### TASK DIRECTIONS
Please restate word for word each line from the one containing "Tiny photo for" to the last line of the records below, and drop the pictures.

[Image-text web data]
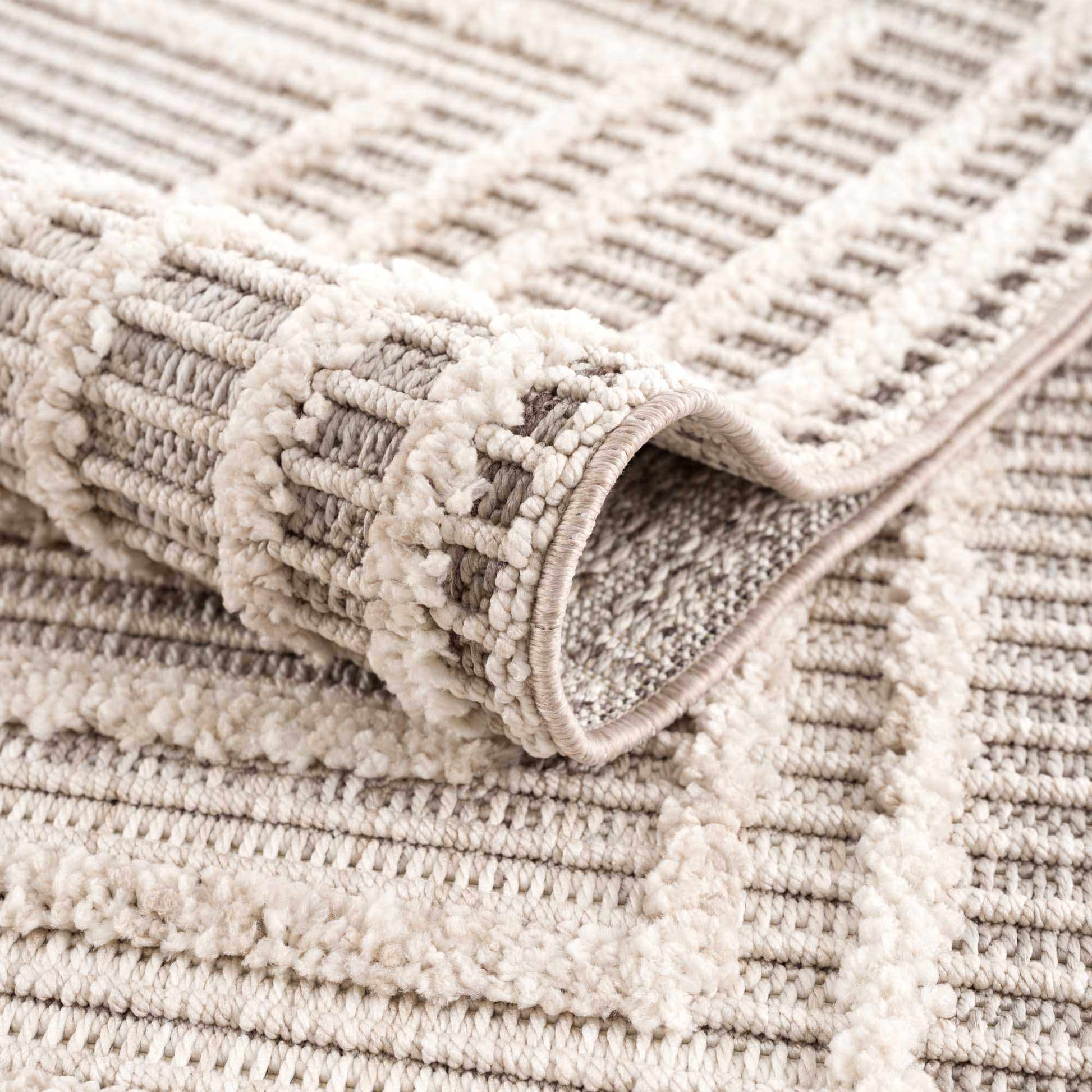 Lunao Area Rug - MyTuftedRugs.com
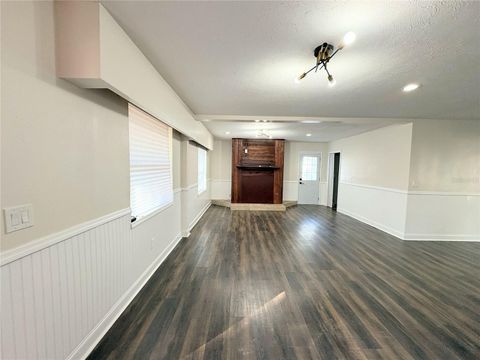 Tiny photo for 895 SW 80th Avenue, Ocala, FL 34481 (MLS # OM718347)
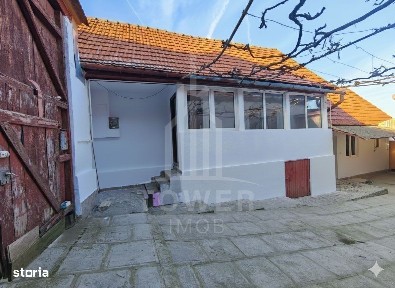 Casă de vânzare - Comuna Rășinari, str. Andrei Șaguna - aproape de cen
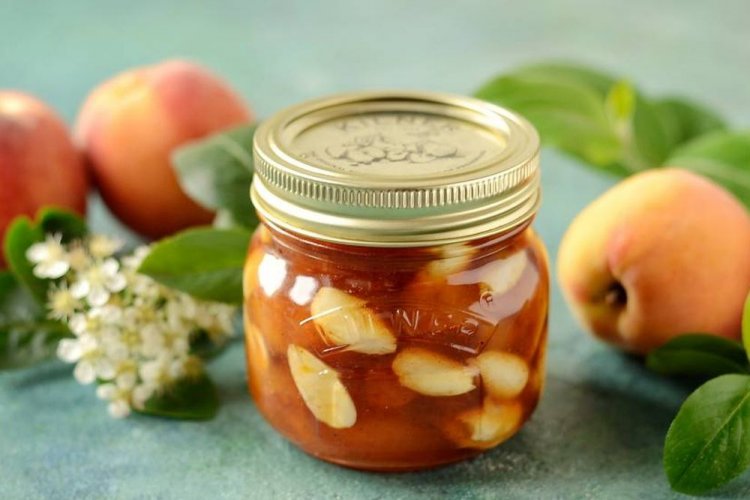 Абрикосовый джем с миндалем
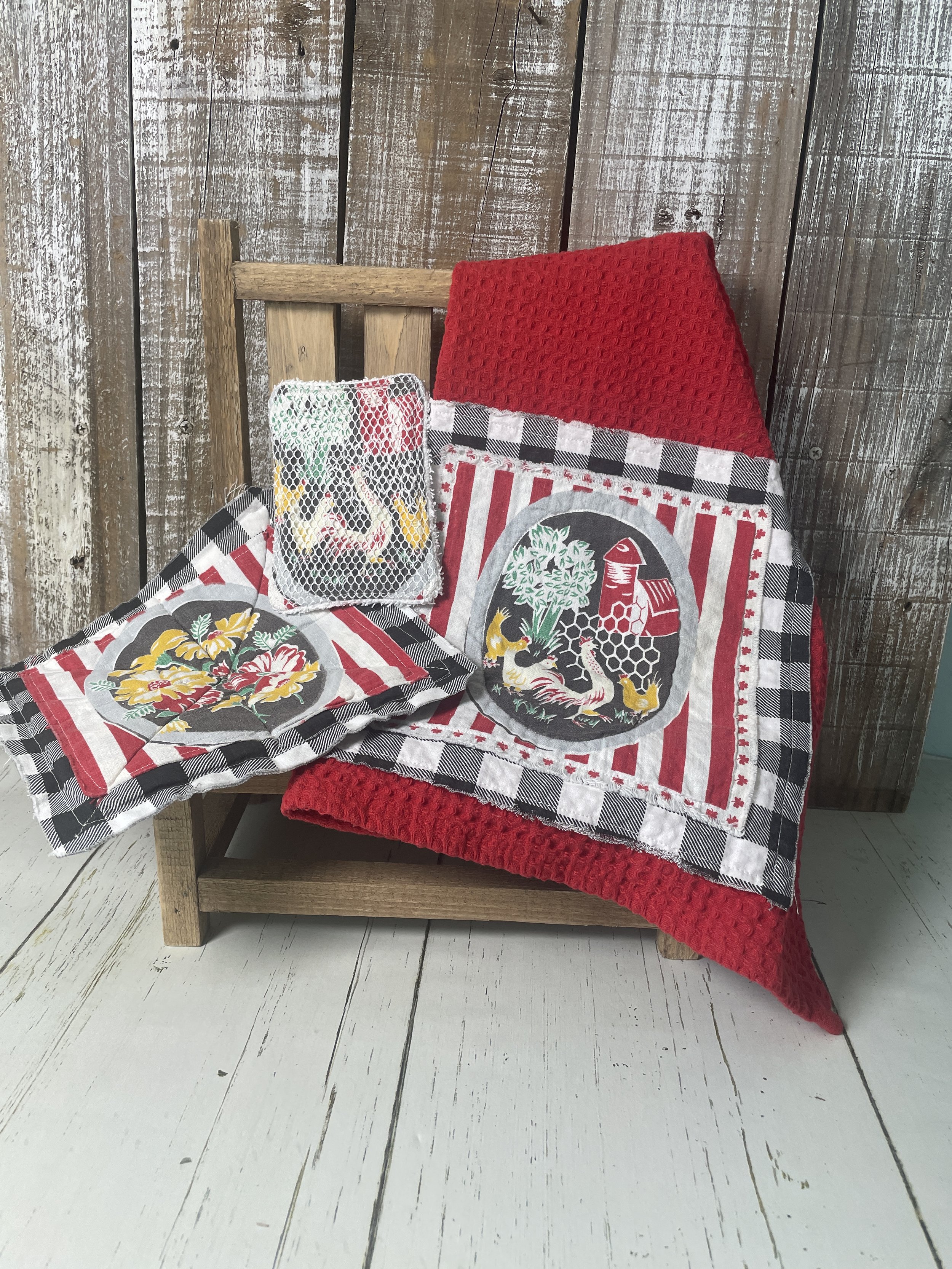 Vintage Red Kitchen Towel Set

### EXERCISE OUTPUT
 Tiny photo for 895 SW 80th Avenue, Ocala, FL 34481 (MLS # OM718347)
 Casă de vânzare - Comuna Rășinari, str. Andrei Șaguna - aproape de cen
 Абрикосовый джем с миндалем
 Vintage Red Kitchen Towel Set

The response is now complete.